Problem details: Retype the records below from their first line through the line holding "The last step", including both ends and no pictures.

- Opening Delimiter -

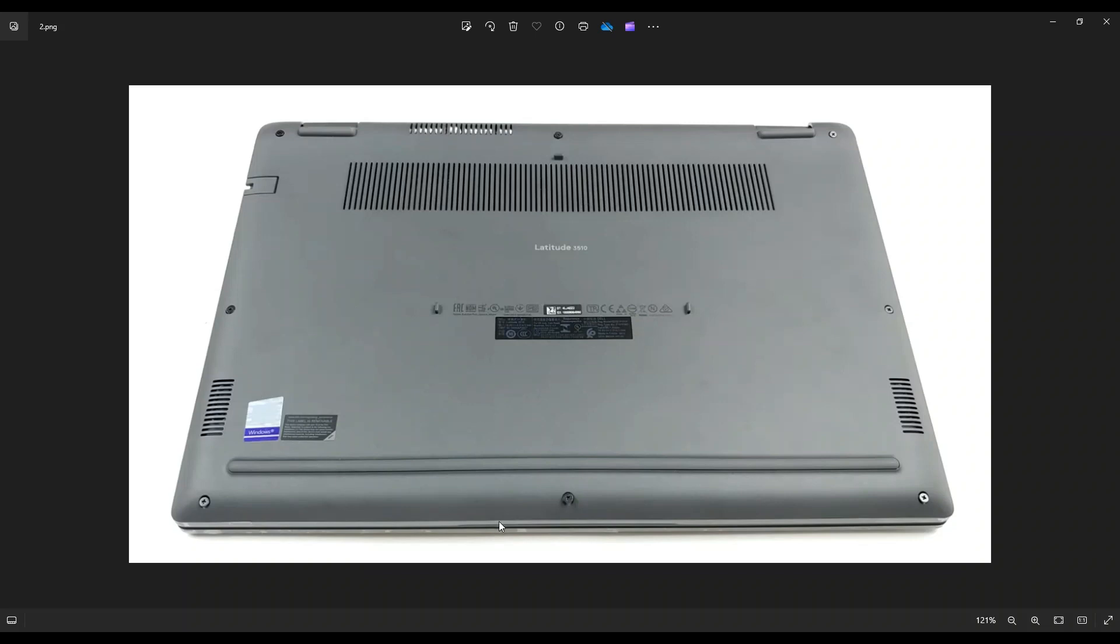So go around the outside seam of the bottom case and gently but firmly pry it up all the way around. Don't put the pry tool too far in. You can damage some internal components. Just keep it on the edge. And if you get stuck going in one direction and you can't get it up, leave it alone. Go to the other side and continue in the other direction.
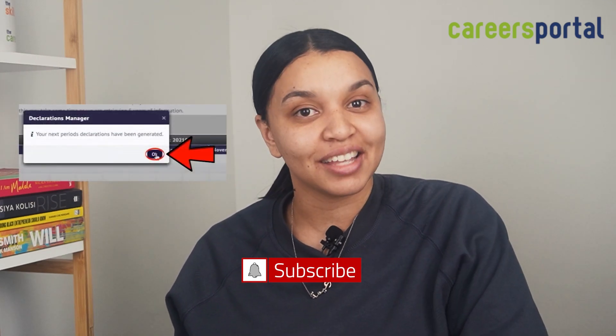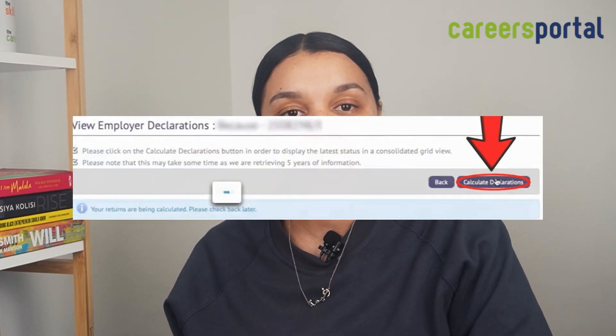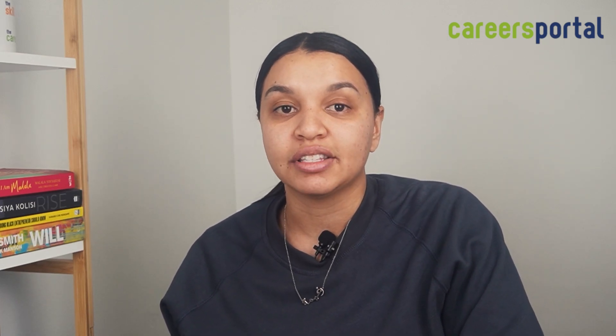The last step is to click on Calculate Declarations and then that's it. If your declaration grid turns green, it means that your declaration has been successfully submitted. However, a red declaration grid means that there's an issue with your UIF declaration.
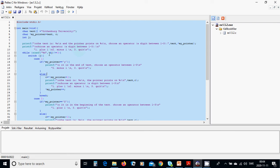The menu shows: one for plus, two for minus, three for quit. Using a while loop with scanf reading into the address of J, while J is not equal to zero, we enter a switch on J. In case one, if my_pointer equals the null terminator, we are at the end of the text and prompt to choose only minus or quit.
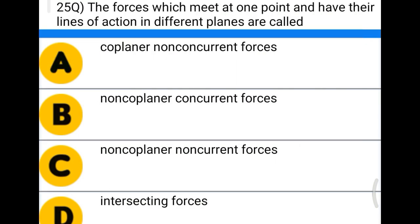Next question: the forces which meet at one point and have their lines of action in different planes are called — option A: coplanar non-concurrent force, option B: non-coplanar concurrent force, option C: non-coplanar non-concurrent force, option D: intersecting force. The correct answer is non-coplanar concurrent force. We will see more in the next video. Thank you.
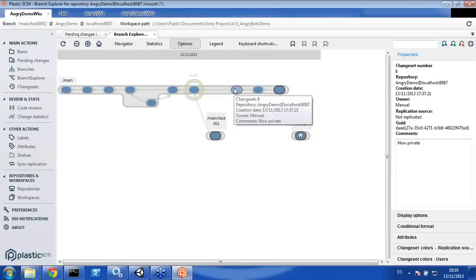Gary asks if there's a native OS X client or if it must run through Mono. We don't have a native Mac client yet — it's on our roadmap, but right now it uses Mono for both Linux and Mac.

- Closing Delimiter -

Written reply:
So go around the outside seam of the bottom case and gently but firmly pry it up all the way around. Don't put the pry tool too far in. You can damage some internal components. Just keep it on the edge. And if you get stuck going in one direction and you can't get it up, leave it alone. Go to the other side and continue in the other direction.
The last step is to click on Calculate Declarations and then that's it. If your declaration grid turns green, it means that your declaration has been successfully submitted. However, a red declaration grid means that there's an issue with your UIF declaration.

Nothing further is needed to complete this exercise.